The Daily Update: The Week Ahead

The week started with rumours that Lael Brainard was interviewed for the Fed's chair when she visited the White House last week. This signalled Jerome Powell has a serious rival as these two are the only people who have publicly surfaced as being in the running. Biden will make a decision by Thanksgiving on whether to renominate Jay Powell or choose someone new.

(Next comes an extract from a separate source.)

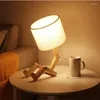 テーブルランプベッドルーム用ベッドサイドベッドルームリビングルームブックデスクランプリーディングLEDライトモダンな木製の北欧の学習ライト照明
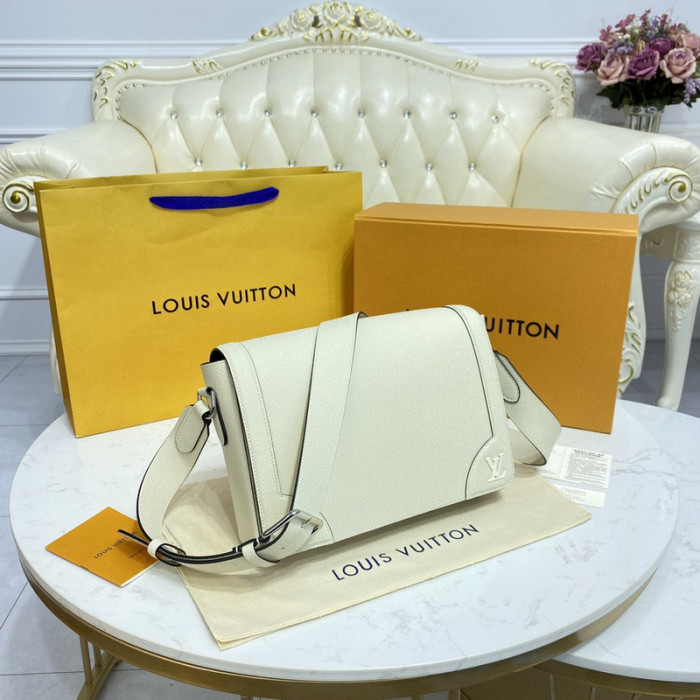 LU VI BAG 28.3x18.3x4.3cm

After the blackout period prior to the FOMC decision last week ended the Fed speakers are coming out thick and fast to give their views on inflation. First out of the traps was Treasury Secretary Janet Yellen who reiterated her view that higher U.S. inflation will not continue beyond next year, however the Fed would act if it needed to dampen any 1970s-style price rises. ‘I'd expect price increases to level off, and we'll go back to inflation that's closer to the 2% that we consider normal as the pandemic fades’, Yellen said in an interview yesterday. She added that as the global pandemic eases, more people will return to work, helping consumer demand, which in turn will relieve the pressure from wages and goods prices.

Then we had Bullard saying he believed inflation issues are bigger in the U.S. than in Europe. However, the Fed is not contemplating hikes at the moment with the focus remaining on tapering. There was a caveat though ‘What we can do is assess the situation next spring and see where we're at, and at that point we can make a decision about raising the policy rate’ he said.

Daly said inflation figures were ‘eye-popping’ and she sees a lot of uncertainty around the numbers. She also touched on the labour market, saying time was needed to see through the fog, believing it will be mid-2022 before we see the true state of the labour market and as well as the outlook for inflation. ‘It's going to take time to know whether the job market is tight, as many employers say, or has room to expand by bringing people back into the workforce’ she noted.

Kashkari said prices have been elevated for longer than expected, and he doesn’t know how long supply-chain disruptions will last. He also expects more clarity on the economic outlook by the time the Fed ends its bond-buying program in mid-2022, and is keeping an ‘open mind’ on the timing of any rate hikes to follow.

Away from the US we had Germany’s ZEW economic sentiment, which rose to 31.7 in November, well above the surveyed 20 and last month's 22.7, although the current situation did come in lower than expected to 12.4, well below the expectation of 19.4.

US Consumer Price Index (CPI) figures out of the States came in much higher than expectations with an increase of 0.9% in October, the consensus had been for a rise of 0.6% with 0.4% being last month’s figure. This resulted in the year-over-year-growth rate jumping to 6.2%, the biggest rise in over 30 years, well above the market's consensus of 5.9% . The core metric, ex food and energy, advanced 0.6%, estimates were for 0.4 % whilst year-on-year it came in at 4.3%, 0.3% above estimates.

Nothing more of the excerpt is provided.